L’objectif à terme : remplacer près de 600.000 appareils d'ici 2025. Le gouvernement prévoit un coup de pouce financier (MaPrimeRenov), qui viendra s’ajouter à des aides locales pour aider à rembourser l'achat d'appareils neufs.

Au pied du Mont-Blanc : une vallée polluée

Parmi ces aides, on peut citer le fonds Air Bois dans la vallée de l’Arve, au pied du Mont-Blanc, point noir de la qualité de l’air en France. Ce territoire enclavé est particulièrement concerné par cette pollution de l'air lié au trafic routier, mais aussi aux feux de cheminée.

Muriel Auprince est membre de l'association Coll'air pure, un collectif qui se bat pour la qualité de l'air dans la vallée. Elle témoigne des mauvaises pratiques autour d’elle : "On aimerait bien qu’il y ait plus d’information faite aux particuliers : on a tous dans notre quartier des gens qui brûlent des cagettes ou du bois qui est peint, sans faire attention aux vigilances pollution."

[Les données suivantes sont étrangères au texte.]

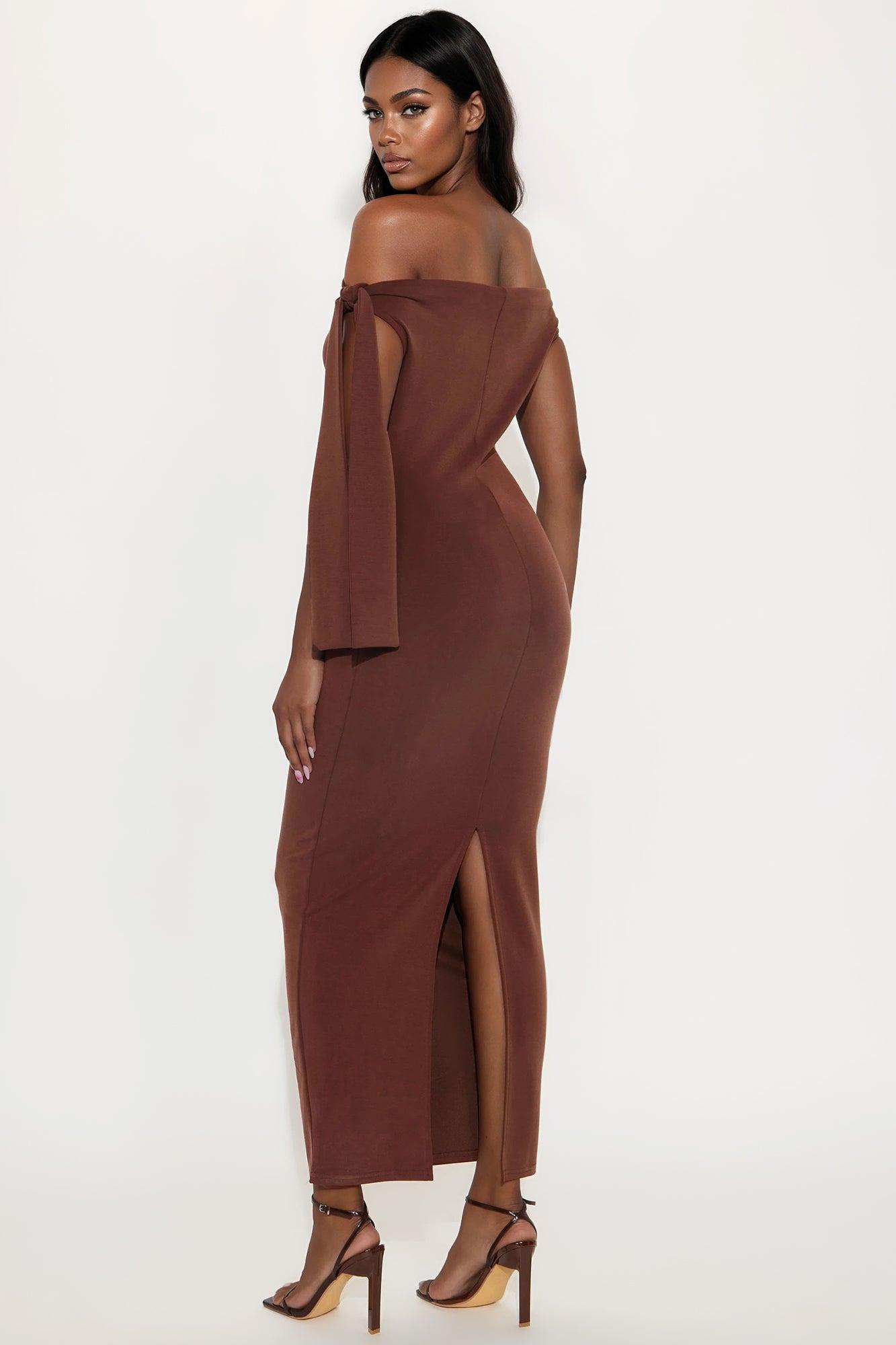 Paris Knotted Maxi Dress - Chocolate Female Product Image
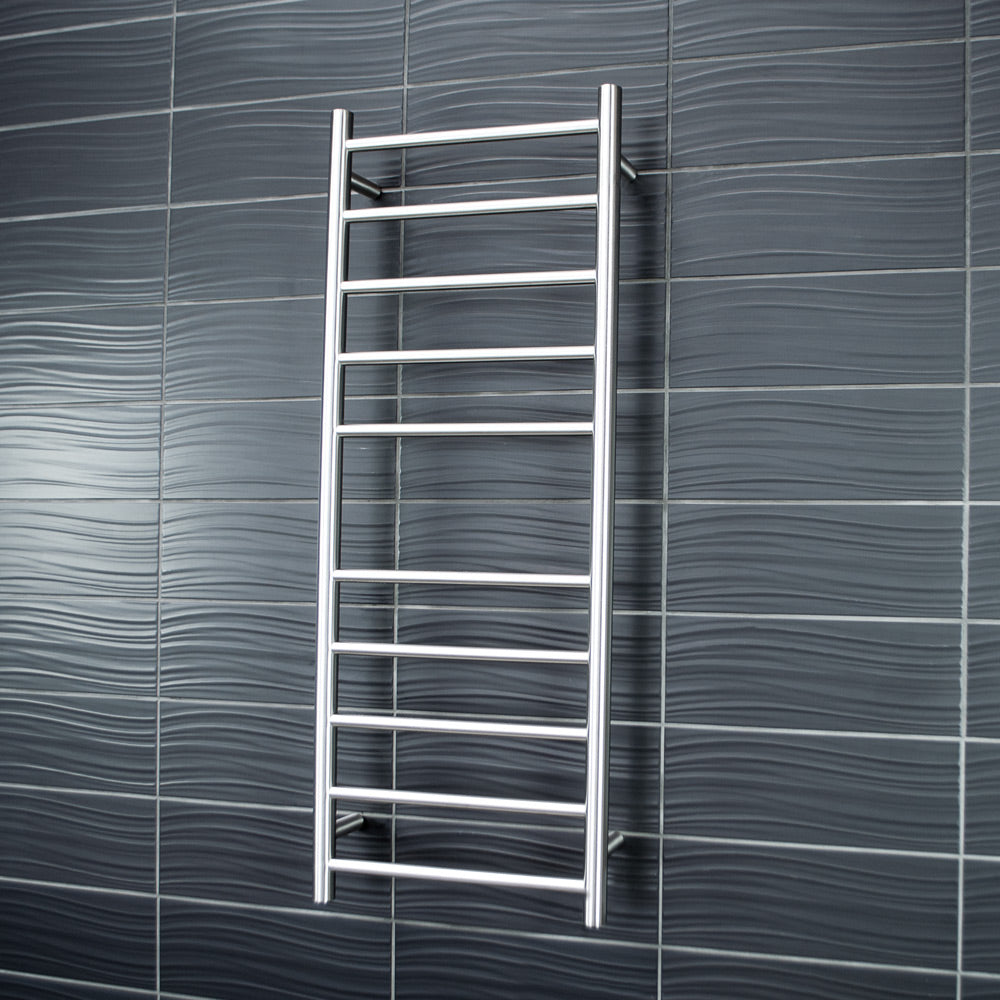 RADIANT HEATING 10-BARS ROUND HEATED TOWEL RAIL BRUSHED SATIN 80WATTS 430MM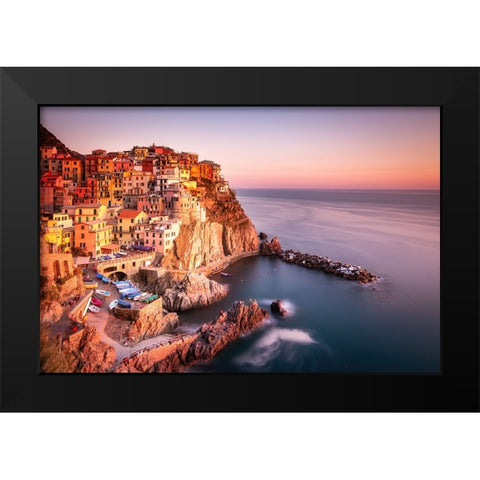 Manarola Black Modern Wood Framed Art Print by Schaarschmidt, Christoph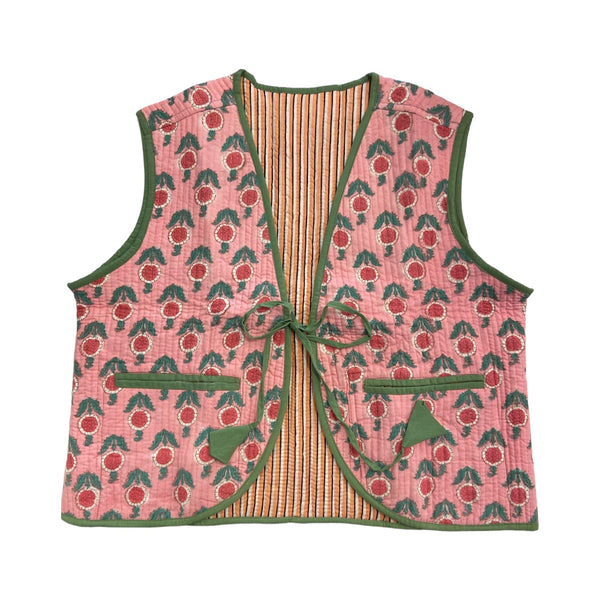 Waistcoat Cotton Quilted Block Print Pink Floral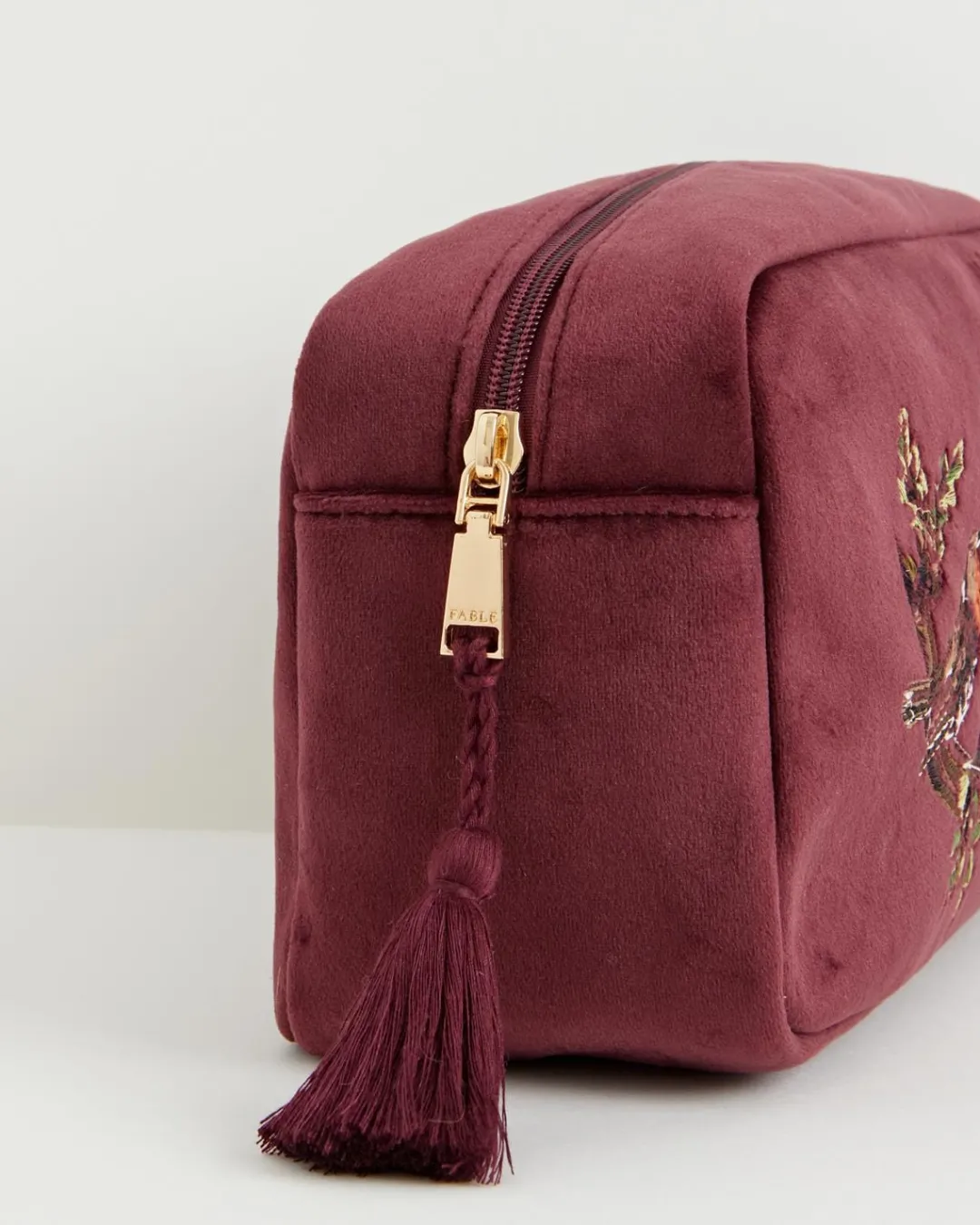 Best Fable England Robin Love Embroidered Pouch Redcurrant Velvet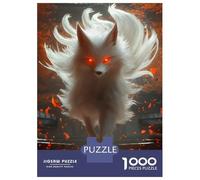 Jigsaw Puzzle for Teenagers 1000 Pieces White Fox with Fiery Eyes Jigsaws for Adults Toy Wall Decor Staycation Kill Time Parent-child Interaction 38x26cm/1000pcs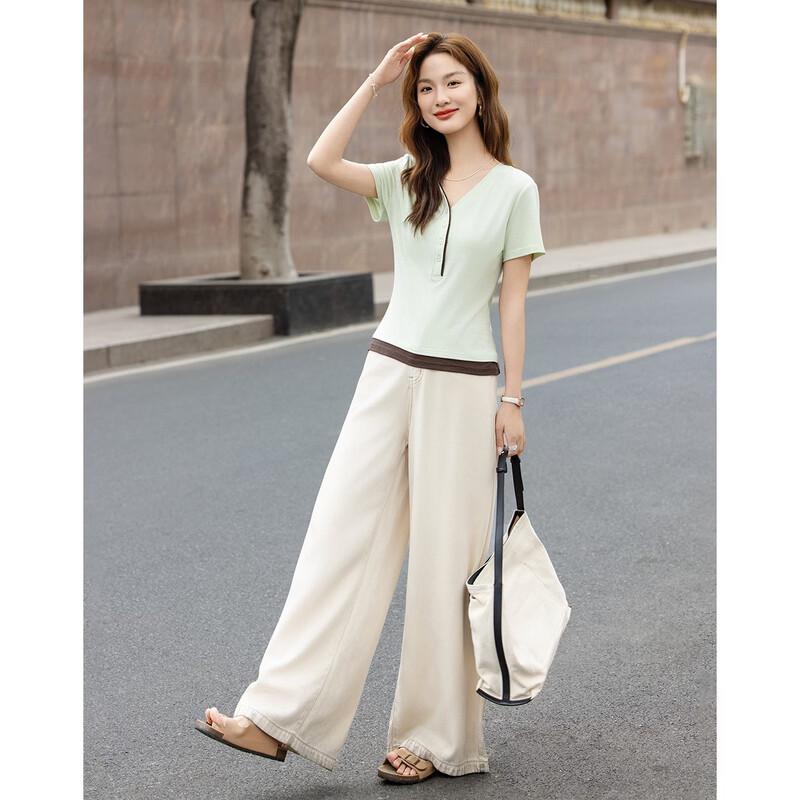 Women's V-Neck Color Block T-Shirt
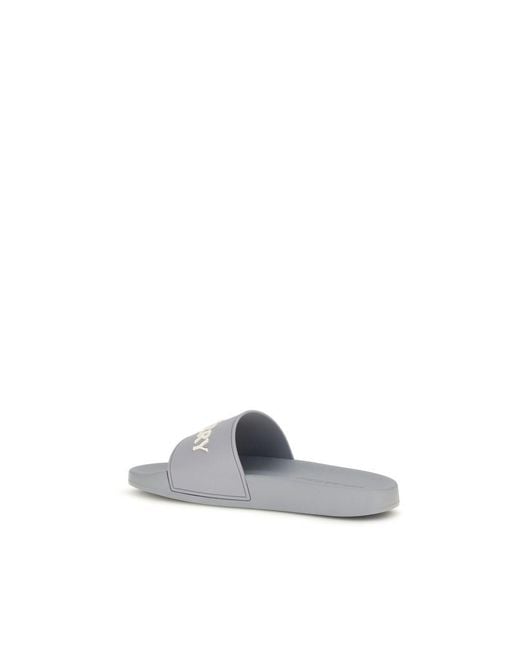 Burberry White Rubber Slides Shoe for men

Elle est satisfaite du plan et voudrait même aller plus loin :

On aimerait qu’il y ait une police de l’air qui soit installée. Il faut être conscient que chacun est responsable de cette pollution.

Une pollution qui appelle à des mesures : dès cet hiver et jusqu’au 1er janvier, la vallée interdira l'utilisation des cheminées à foyer ouvert.

Un label pour inciter aux bonnes pratiques

Parmi les autres mesures, il y aura l'obligation de ramoner une fois par an et la mise en place d'un label national pour les bûches ou les granulés, le but étant d'inciter les gens qui se chauffent au bois à utiliser un bois non traité et le plus sec possible pour une combustion moins polluantes.

La France doit agir rapidement pour réduire la pollution de l'air, car elle est sous la menace d'une sanction financière importante de l'Europe pour des dépassements réguliers des normes. C’est également un enjeu de santé publique : en France, 40.000 décès par an sont encore attribuables à l'exposition aux particules fines, selon Santé Publique France.